We don't own iTunes-purchased content at all (instead it's "lifetime license" at best). And if we don't download and store our purchases so that we have no dependency on iCloud, we can lose them at any time.
Buy the BD or DVD and actually own your media in a very full way. Rip it and store it in iTunes just like you ripped your CDs. This gets you almost all of the benefits & niceties of iTunes media management without the whims of the Studios or Apple affecting your perception of ownership. And instead of a "lifetime license" (where others get to decide what lifetime actually means), you actually own it such that you could sell it, will it, or give it away to someone else who could then fully own it too.

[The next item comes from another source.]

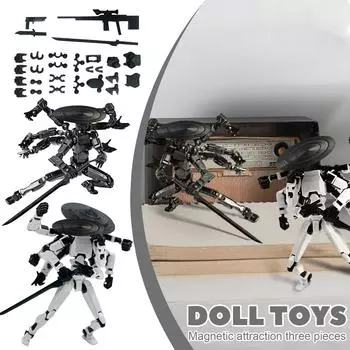 Набор мобильных кукол, 3D-печатная мобильная кукла-робот Титан, подвижная мобильная кукла, подходит для коллекционеров, украшение рабочего стола One Size чёрный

If it's BD, you also get to decide the quality of the video (rather than the Studio or Apple deciding it for you) and can optionally enjoy a far superior audio track vs. 1992's Dolby Digital standard.
Yes, ripping is a hassle and storage has some cost but trusting a big corporation as caretaker of your media and that caretaker being entirely dependent on what their suppliers of that media want to provide- or take away- is begging for vanishing media and other anti-consumer surprises. iCloud is not the end-all, be-all answer... it's just one option. And a mentality of "stream everything from iCloud" is only music to the ears of those who sell (and increasingly pinch) bandwidth tiers... companies like AT&T, Verizon, Sprint, Comcast, Time Warner, etc.